Platypus milk has unique proteins with antibacterial properties that may prove to be an unlikely hero in the global fight against drug resistant pathogens.
Due to its unique features - duck-billed, egg-laying, beaver-tailed and venomous- the platypus has long exerted a powerful appeal to scientists, making it an important subject in the study of evolutionary biology.
In 2010 scientists discovered that platypus milk contained unique antibacterial properties that could be used to fight superbugs.
Researchers at Commonwealth Scientific and Industrial Research Oganisation (CSIRO) and Deakin University in Australia have solved a puzzle that helps explain why platypus milk is so potent - bringing it one step closer to being used to save lives.
The discovery was made by replicating a special protein contained in platypus milk in a laboratory setting.
"Platypus are such weird animals that it would make sense for them to have weird biochemistry," said Janet Newman, CSIRO scientist.
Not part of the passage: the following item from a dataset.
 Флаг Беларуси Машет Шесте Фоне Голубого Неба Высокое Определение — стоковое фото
"The platypus belongs to the monotreme family, a small group of mammals that lay eggs and produce milk to feed their young," said Newman, lead author of the study published in the journal Structural Biology Communications.
"By taking a closer look at their milk, we've characterised a new protein that has unique antibacterial properties with the potential to save lives," she said.
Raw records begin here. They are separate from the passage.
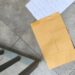 Extorsionadores amenazaron a una familia con un panfleto y balas
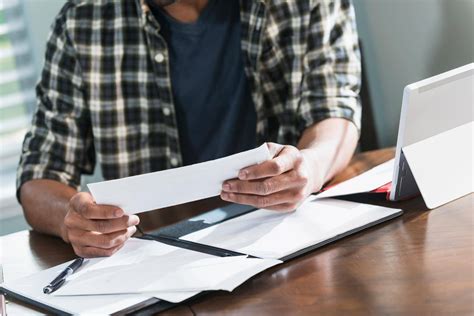 Ob sich das ummelden eines alten autos zum oldtimer rentiert, hängt vom fahrzeug und von der größe des motors ab. Adressänderung beim Finanzamt: Wer ist nach dem Umzug ...
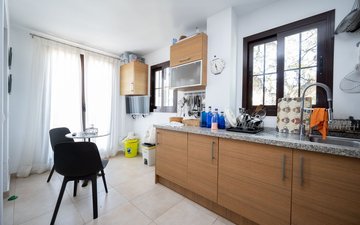 Property slide 19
Using X-ray crystallography, the team discovered a unique structure in the platypus milk protein which, when solved, formed a three dimensional fold, similar to a ringlet.
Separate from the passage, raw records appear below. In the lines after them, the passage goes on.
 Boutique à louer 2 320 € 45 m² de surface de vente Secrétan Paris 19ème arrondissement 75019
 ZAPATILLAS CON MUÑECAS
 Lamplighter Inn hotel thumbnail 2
As platypus do not have teats, they express milk onto their belly for the young to suckle, exposing the mother's highly nutritious milk to the environment, leaving babies susceptible to the perils of bacteria.
Researchers believed this was why the platypus milk contained a protein with rather unusual and protective antibacterial characteristics.
"We were interested to examine the protein's structure and characteristics to find out exactly what part of the protein was doing what," said Julie Sharp at Deakin University.
Researchers successfully made the protein, then deciphered its structure to get a better look at it. They found a unique, never-before-seen 3D fold.
Due to its ringlet-like formation, researchers have dubbed the newly discovered protein fold the 'Shirley Temple', in tribute to the former child-actor's distinctive curly hair.
"Although we've identified this highly unusual protein as only existing in monotremes, this discovery increases our knowledge of protein structures in general, and will go on to inform other drug discovery work done at the Centre," she said.
In 2014 the World Health Organisation released a report highlighting the scale of the global threat posed by antibiotic resistance, pleading for urgent action to avoid a "post-antibiotic era", where common infections and minor injuries which have been treatable for decades can once again kill.